Vorlon is trying to stop the next big API breach

Application programming interfaces, or APIs as they are commonly known, are the foundation of everything we do online. APIs allow two things on the Internet to communicate with each other, including connected devices or phone applications.

But the huge growth in API use – about half of all internet traffic – is putting companies’ data at risk. A common security risk is granting third parties too permissive access to APIs. Malicious hackers can exploit APIs to access a company’s sensitive information.

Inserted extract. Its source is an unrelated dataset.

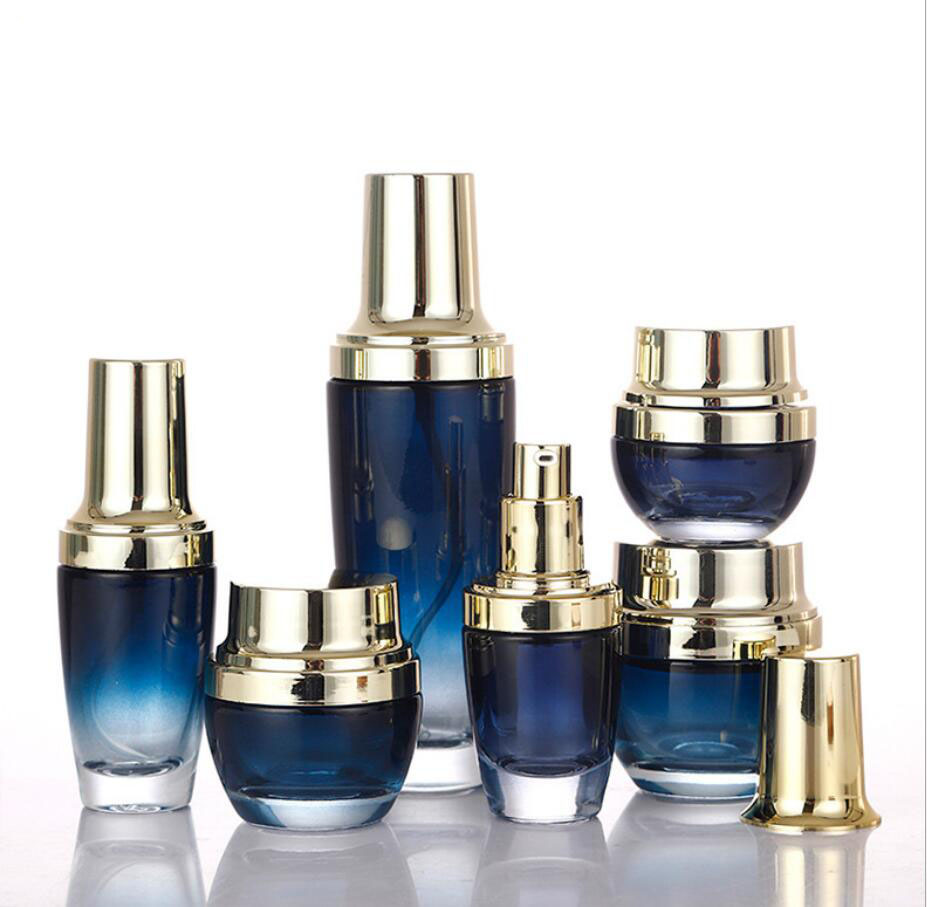 20G dark blue glass jar/bottle - Gel Refill Pack recension och pris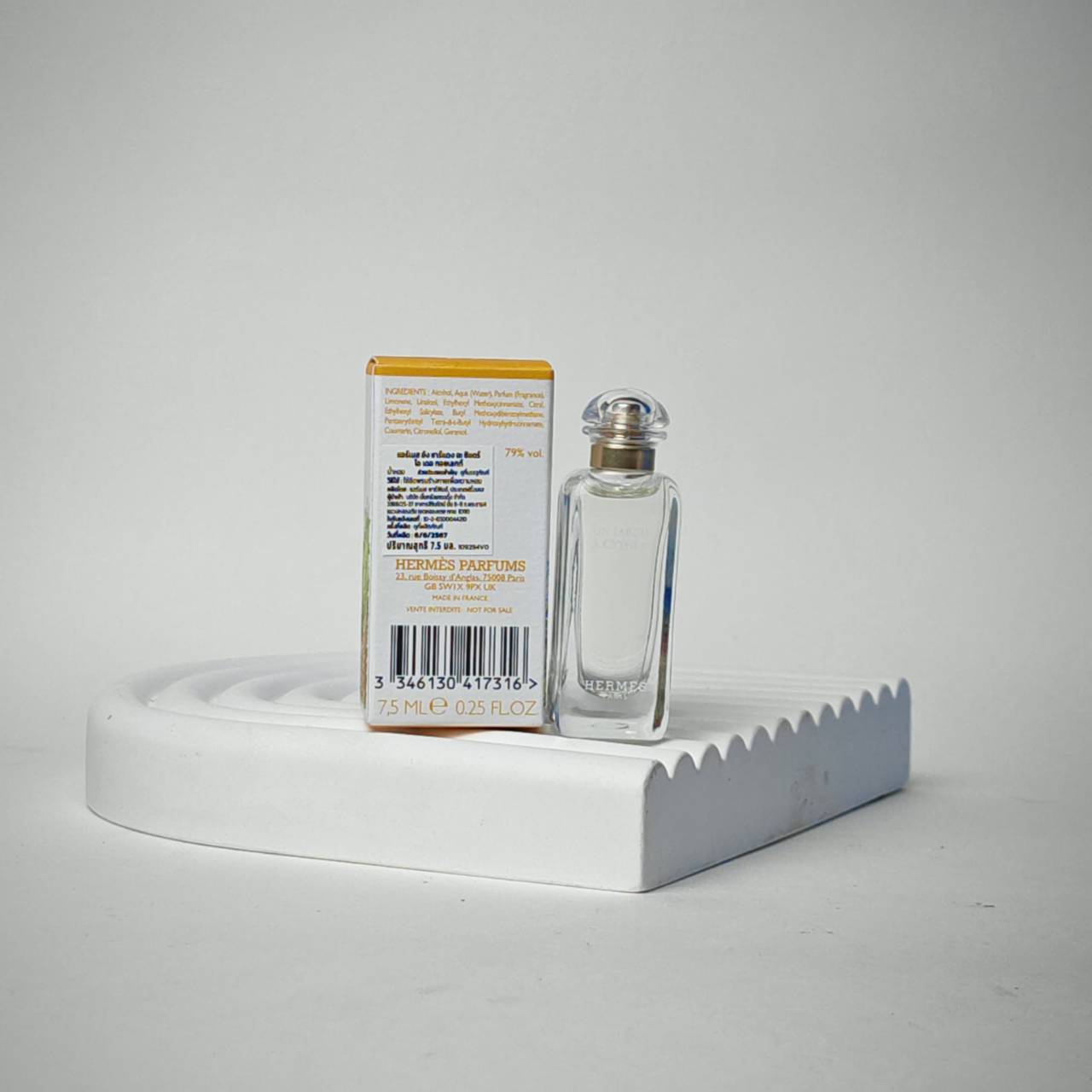 น้ำหอมจิ๋วมินิ Hermes Un Jardin à Cythère EDT 7.5ml ป้ายไทย( Mini Perfume น้ำหอมขนาดพกพา) น้ำหอมจิ๋วมินิ ขวดน่ารัก ตั้งโชว์ก็สวย พกพาก็สะดวก หัวแต้มตามจุดชีพจร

Cybersecurity startup Vorlon says it helps businesses protect their data from such incidents with its platform and has raised $15.7 million to improve its technology.

Founded in 2022 by former Palo Alto Networks executives Amir Khayat and Amichay Spivak, Vorlon analyzes network traffic to detect and remediate potential API abuse in real time.

In an interview, Khayat said the company’s technology does the analysis and informs the customer of “something you need to know about and act on.”

Vorlon continuously observes a company’s APIs and notifies them when vendors make updates, providing insight into their exposure or potential exposure, Khayat told TechCrunch. The founder also noted that in addition to detecting vulnerabilities and exposures, Vorlon’s platform examines what type of data third-party APIs have access to and where it may be connected to other applications.

Vorlon uses AI to analyze and map all API communications it monitors and translate them into a human-readable language. This helps users get a summary of their third-party apps. Vorlon also provides an AI chatbot to enable businesses to search for information in natural human language about security threats or issues they are experiencing. Khayat said Vorlon doesn’t send chatbot data anywhere; instead, it sends user queries to its own databases and the chatbot will return the information from the startup’s database.

“In many cases, organizations don’t discover a vendor’s data breach until months after the fact,” Steve Loughlin, partner at Accel, said in a statement. “Vorlon’s ability to reduce the time between threat detection and threat remediation to minutes is what makes this technology so powerful. »

Vorlon counts Hubspot, SafeBreach and pre-sales engineering platform Vivun among its first customers since launching its platform in February. The company says it is seeing significant demand from the healthcare and financial sectors and is targeting companies with at least 1,500 employees.

The Delaware-based startup, with an R&D subsidiary in Tel Aviv, currently has about 22 employees and plans to increase that number by adding more people to its sales and product R&D teams using money from its round series A, led by Accelerate.

The all-equity funding round saw participation from Shield Capital and cybersecurity angel investors, including Demisto co-founders Slavik Markovich, Rishi Bhargava, Dan Sarel and Guy Rinat, who worked closely with co-founders of Vorlon at Demisto before its acquisition by Palo Alto Networks in 2019. Former Exabeam CEO Nir Polak and Fox Corporation CTO Paul Cheesborough are also key investors in Vorlon.